After months of kettlebell workouts, I started early this year but it’s been going on and off a lot, I can honestly say that they are awesome. You’ll be surprised how exhausting kettlebell swings are and how great they are at building strength!

Don’t be put off by the “manliness” of kettlebells, it actually builds strength without building bulk! Something you’ll find pretty rare in the fitness world. And don’t take my word for it, watch it yourself.

This is the female world record for 24kg kettlebell snatches, held by Ksenia Dedyukhina, i.e, using one hand to swing a 24kg weight from knee level, to above your head as many times as possible in 10 minutes, and you’re not allowed to put the weight down unless you’re done.

How much does the luggage you pack when going on a vacation weigh? 24kg? How long can you hold it with one hand for? If you condense all that weight into a ball with a handle, can you swing it to above your head? Do you know how exhausting it is to keep swinging that weight for 10 full minutes, let alone swing it 202 times?

Another thing worth noting in the video above. Have you noticed how their bodies looked like? Nothing like those muscle freaks you were imagining I take? I hope this convinces you to give kettlebells a try, they are amazing!

As much as I’d like to research Ksenia, there’s not a lot of articles in English. Most are in Russian, which I can’t read. She’s still a great role model though!

The unpolished diamonds

He was an average guy, doing average things. A newbie in the world of fitness. We made eye contact and chatted for a bit.

It always starts with the usual. Name. Where are you from? What do you do? Where do you live? The usual pleasantries.

He was exceedingly average and started coming here with his friend recently. Nothing much really, just tagging along. His friend taught him some basic exercises, how to do certain movements and so on.

Finally, the conversation steered onto the topic of why we’re here. We talked about what his goal was, what he wanted out of coming here. In one word, it was ‘stamina’.

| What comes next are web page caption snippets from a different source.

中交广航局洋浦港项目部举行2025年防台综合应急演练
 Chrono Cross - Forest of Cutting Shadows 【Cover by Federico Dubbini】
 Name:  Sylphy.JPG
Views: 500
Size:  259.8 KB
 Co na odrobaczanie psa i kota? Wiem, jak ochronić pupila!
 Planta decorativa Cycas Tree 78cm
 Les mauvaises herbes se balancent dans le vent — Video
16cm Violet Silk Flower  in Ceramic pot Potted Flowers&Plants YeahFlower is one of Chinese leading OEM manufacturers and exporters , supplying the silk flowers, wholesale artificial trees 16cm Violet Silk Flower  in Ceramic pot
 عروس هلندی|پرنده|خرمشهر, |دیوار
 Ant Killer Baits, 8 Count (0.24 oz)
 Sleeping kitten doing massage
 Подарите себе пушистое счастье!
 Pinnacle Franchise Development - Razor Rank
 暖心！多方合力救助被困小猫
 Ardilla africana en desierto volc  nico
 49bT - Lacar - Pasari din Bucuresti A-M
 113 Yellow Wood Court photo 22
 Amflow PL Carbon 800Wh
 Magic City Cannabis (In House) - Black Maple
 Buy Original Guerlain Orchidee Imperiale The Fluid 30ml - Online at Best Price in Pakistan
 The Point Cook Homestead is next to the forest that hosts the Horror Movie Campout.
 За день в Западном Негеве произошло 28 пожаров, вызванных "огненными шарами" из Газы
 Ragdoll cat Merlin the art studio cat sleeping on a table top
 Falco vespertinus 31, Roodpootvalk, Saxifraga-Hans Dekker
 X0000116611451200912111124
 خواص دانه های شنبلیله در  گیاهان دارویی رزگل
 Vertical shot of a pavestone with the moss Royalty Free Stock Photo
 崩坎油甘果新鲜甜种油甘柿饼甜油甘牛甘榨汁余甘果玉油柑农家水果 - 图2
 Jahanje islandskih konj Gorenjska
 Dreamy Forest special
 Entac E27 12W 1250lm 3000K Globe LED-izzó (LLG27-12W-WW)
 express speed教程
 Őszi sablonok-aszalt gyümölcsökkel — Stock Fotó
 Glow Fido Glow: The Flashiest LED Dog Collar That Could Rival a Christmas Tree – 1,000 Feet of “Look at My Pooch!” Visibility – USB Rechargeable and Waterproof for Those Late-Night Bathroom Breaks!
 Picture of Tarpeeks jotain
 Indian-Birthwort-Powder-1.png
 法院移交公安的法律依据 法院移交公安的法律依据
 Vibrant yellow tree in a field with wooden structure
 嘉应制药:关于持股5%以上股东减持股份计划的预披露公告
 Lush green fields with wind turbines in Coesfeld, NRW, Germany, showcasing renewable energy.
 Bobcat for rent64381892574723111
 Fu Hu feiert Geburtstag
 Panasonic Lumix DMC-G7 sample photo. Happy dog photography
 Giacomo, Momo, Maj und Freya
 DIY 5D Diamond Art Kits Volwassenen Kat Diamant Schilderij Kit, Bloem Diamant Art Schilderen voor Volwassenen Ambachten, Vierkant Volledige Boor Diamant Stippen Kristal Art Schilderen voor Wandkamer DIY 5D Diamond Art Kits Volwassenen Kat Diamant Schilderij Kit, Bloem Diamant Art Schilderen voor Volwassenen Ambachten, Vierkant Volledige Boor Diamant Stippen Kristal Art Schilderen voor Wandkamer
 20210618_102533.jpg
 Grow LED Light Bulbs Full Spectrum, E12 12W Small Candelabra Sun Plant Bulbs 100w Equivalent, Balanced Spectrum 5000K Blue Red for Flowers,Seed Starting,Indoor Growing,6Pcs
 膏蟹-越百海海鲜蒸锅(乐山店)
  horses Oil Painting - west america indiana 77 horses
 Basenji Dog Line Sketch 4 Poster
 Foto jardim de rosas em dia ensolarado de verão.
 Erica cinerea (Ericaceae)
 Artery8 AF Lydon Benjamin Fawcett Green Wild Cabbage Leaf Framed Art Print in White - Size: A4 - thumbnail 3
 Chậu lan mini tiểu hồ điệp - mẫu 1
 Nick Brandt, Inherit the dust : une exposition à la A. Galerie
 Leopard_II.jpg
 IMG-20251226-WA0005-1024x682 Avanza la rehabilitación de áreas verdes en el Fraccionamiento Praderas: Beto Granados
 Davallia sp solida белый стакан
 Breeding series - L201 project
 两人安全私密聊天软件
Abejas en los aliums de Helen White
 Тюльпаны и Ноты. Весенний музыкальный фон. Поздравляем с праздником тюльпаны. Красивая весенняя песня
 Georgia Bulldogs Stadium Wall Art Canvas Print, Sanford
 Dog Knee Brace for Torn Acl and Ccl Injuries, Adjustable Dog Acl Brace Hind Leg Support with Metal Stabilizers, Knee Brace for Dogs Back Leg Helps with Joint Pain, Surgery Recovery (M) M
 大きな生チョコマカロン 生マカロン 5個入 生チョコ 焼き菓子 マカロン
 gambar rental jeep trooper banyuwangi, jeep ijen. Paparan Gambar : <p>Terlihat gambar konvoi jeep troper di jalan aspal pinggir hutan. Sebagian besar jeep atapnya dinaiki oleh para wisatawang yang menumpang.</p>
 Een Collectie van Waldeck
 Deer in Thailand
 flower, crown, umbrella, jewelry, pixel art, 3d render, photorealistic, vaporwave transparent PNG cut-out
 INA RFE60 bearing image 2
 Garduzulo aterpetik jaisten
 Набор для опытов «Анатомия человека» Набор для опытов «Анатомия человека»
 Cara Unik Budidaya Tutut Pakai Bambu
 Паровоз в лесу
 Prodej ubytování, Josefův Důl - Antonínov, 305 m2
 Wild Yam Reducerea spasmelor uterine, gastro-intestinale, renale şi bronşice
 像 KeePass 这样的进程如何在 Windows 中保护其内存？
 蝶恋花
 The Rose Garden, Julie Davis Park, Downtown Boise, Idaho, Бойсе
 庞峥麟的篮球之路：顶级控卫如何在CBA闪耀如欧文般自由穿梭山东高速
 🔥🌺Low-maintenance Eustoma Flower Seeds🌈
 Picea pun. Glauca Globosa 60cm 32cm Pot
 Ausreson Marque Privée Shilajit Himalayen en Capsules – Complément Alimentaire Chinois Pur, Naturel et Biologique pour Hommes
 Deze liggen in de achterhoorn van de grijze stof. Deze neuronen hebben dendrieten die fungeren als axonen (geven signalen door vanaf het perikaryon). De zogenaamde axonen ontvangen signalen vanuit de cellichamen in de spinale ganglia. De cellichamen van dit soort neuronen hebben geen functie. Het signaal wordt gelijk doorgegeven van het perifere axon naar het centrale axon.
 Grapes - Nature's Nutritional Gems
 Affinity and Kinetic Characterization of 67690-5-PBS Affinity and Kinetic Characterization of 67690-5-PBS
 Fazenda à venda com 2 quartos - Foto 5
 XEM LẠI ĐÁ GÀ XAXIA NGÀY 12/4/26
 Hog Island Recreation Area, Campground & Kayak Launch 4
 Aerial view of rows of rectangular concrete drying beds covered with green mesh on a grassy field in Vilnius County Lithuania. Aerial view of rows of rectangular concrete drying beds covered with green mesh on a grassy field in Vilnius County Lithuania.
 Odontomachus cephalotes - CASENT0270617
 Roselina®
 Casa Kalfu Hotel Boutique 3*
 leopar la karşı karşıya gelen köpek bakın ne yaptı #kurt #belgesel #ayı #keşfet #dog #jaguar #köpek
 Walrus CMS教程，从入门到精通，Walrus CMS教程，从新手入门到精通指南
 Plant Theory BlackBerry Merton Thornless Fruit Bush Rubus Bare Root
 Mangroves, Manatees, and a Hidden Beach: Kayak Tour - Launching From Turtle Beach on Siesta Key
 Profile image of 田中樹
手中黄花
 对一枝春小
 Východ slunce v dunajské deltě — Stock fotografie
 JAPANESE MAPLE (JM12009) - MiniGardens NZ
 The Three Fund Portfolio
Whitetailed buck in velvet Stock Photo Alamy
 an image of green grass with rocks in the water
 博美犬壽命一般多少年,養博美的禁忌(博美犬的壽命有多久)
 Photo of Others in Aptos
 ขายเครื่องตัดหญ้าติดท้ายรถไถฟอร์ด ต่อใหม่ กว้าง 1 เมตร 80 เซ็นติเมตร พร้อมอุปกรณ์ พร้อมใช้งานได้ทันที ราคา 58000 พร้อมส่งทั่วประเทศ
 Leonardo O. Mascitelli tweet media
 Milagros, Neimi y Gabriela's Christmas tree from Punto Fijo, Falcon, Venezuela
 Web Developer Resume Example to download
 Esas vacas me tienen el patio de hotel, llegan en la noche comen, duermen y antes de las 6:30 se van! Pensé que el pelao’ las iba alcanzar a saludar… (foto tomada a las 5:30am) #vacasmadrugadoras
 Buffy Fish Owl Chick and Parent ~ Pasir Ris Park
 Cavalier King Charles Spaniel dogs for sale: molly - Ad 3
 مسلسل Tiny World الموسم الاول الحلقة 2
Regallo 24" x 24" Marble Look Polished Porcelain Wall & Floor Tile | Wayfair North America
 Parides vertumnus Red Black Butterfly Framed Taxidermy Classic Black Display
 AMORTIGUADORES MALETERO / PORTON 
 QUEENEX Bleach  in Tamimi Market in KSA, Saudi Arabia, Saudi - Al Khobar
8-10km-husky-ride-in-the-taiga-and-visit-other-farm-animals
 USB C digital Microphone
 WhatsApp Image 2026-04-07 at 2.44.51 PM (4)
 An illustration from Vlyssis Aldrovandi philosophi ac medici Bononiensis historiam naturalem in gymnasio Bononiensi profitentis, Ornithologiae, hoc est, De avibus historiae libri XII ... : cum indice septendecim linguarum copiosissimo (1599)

He seems interested in doing high-intensity interval training, or HIIT. But from what I saw earlier, he seems to be hanging around doing lightweight stuff and taking frequent breaks. Perhaps it’s the newness of it all, or perhaps he’s simply taking it easy today.

Judging from our conversation, he seems to be indecisive and unsure of what he wanted to do. Saying he’ll research more on what workouts to do and whatnot.

The overall impression I get is that it won’t take long for him to throw in the towel. A common outcome for newbies. I was about to dismiss him as such a character until I caught myself having that thought.

Statistically, most newbies give up too early. They think they are just ordinary rocks when in fact, they are unpolished diamonds. It’s not that they can’t do it, it’s more like they don’t know they can do it. They simply haven’t realized what they’re capable of and just how amazing they are.

It’s a mindset problem. Let me paraphrase what Benjamin Zander once said:

It’s not that only 3% of the population loves classical music. Everybody loves classical music! They just don’t know about it yet.

Or put it another way:

It’s not that only 3% of the population loves to exercise. Everybody loves exercising! They just haven’t realized it yet.

It’s still too early to say but let’s hope he realizes just how fun working out can be and succeeds in achieving his goals.